--- Records to use ---

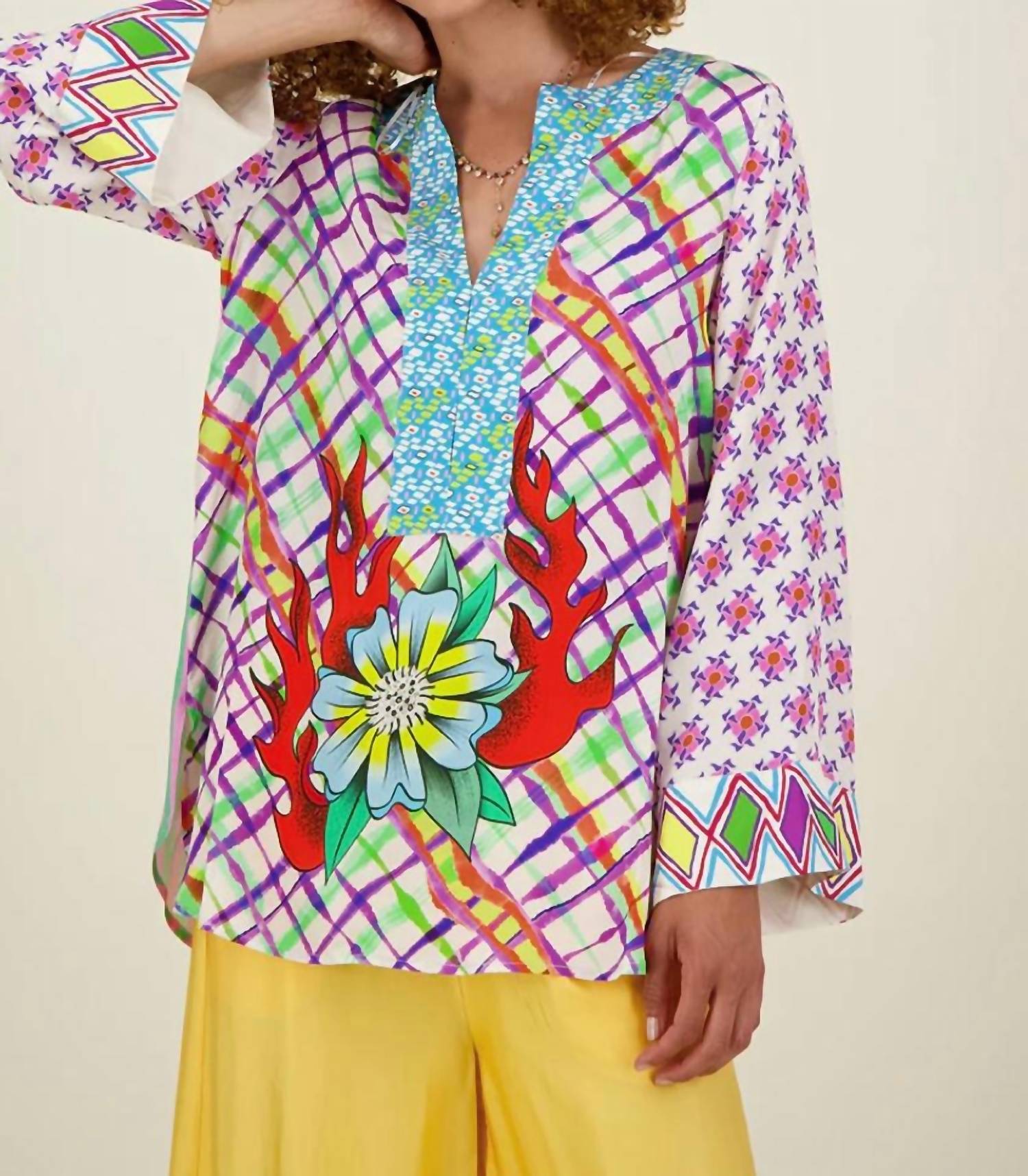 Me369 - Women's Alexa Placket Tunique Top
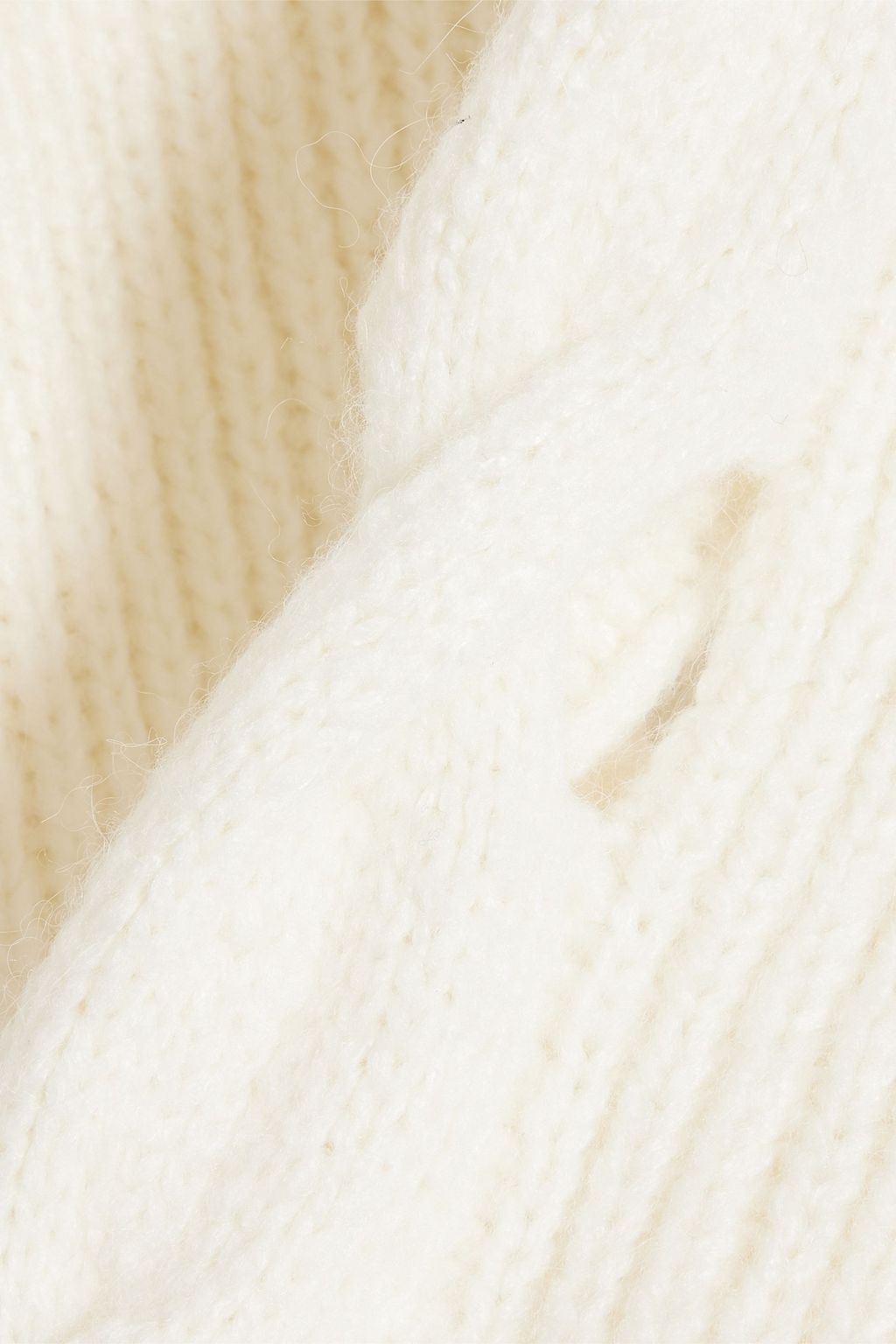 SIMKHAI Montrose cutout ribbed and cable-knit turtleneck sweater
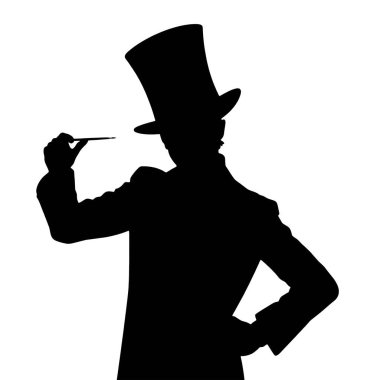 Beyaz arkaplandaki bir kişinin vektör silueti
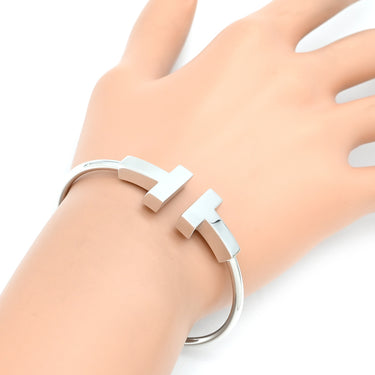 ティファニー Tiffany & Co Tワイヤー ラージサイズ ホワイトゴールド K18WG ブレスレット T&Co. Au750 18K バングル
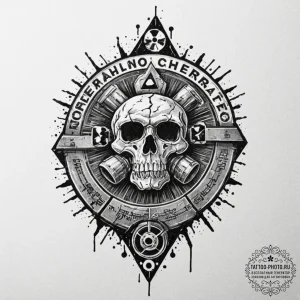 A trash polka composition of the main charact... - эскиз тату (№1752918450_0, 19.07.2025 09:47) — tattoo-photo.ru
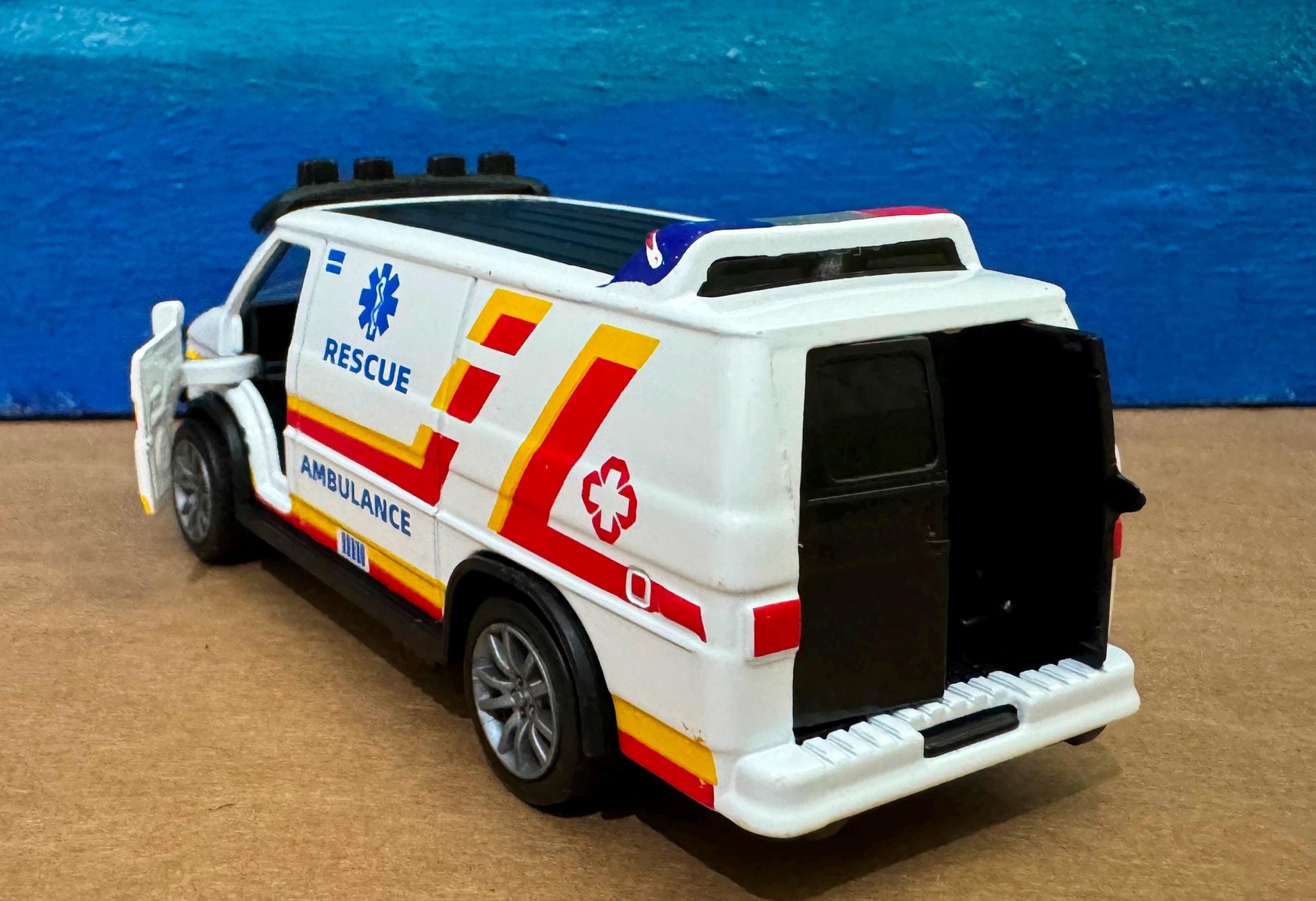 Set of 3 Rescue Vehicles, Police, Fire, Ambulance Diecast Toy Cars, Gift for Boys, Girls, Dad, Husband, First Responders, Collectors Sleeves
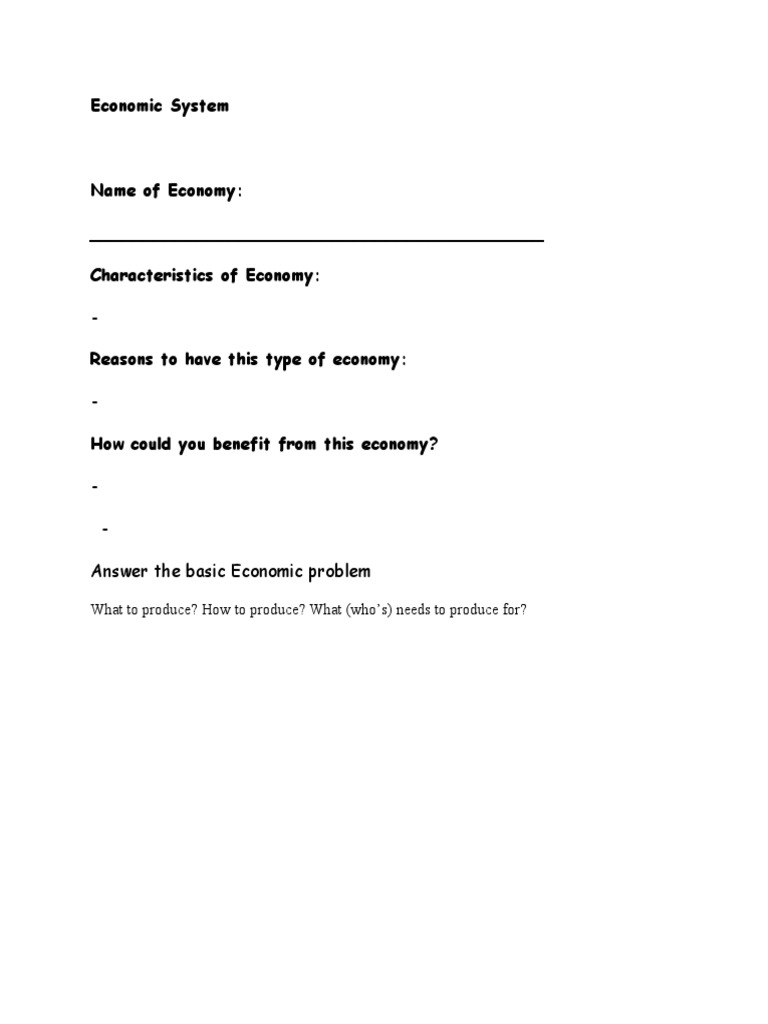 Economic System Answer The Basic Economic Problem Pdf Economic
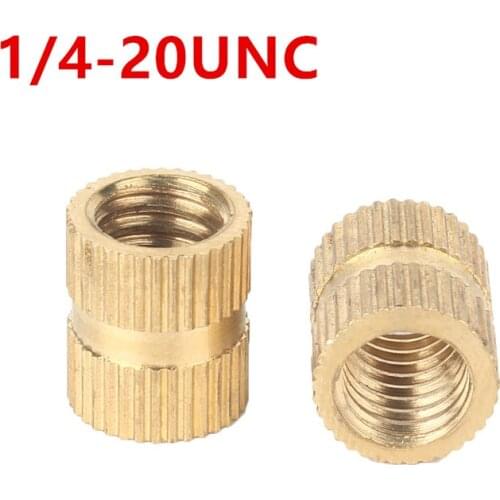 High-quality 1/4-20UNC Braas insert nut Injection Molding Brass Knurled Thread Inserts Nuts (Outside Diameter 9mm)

---

What is expected
The answer must be the full listing, exact in every line, with the pictures removed.

Output below
 Me369 - Women's Alexa Placket Tunique Top
 SIMKHAI Montrose cutout ribbed and cable-knit turtleneck sweater
 Beyaz arkaplandaki bir kişinin vektör silueti
 ティファニー Tiffany & Co Tワイヤー ラージサイズ ホワイトゴールド K18WG ブレスレット T&Co. Au750 18K バングル
 A trash polka composition of the main charact... - эскиз тату (№1752918450_0, 19.07.2025 09:47) — tattoo-photo.ru
 Set of 3 Rescue Vehicles, Police, Fire, Ambulance Diecast Toy Cars, Gift for Boys, Girls, Dad, Husband, First Responders, Collectors Sleeves
 Economic System Answer The Basic Economic Problem Pdf Economic
 High-quality 1/4-20UNC Braas insert nut Injection Molding Brass Knurled Thread Inserts Nuts (Outside Diameter 9mm)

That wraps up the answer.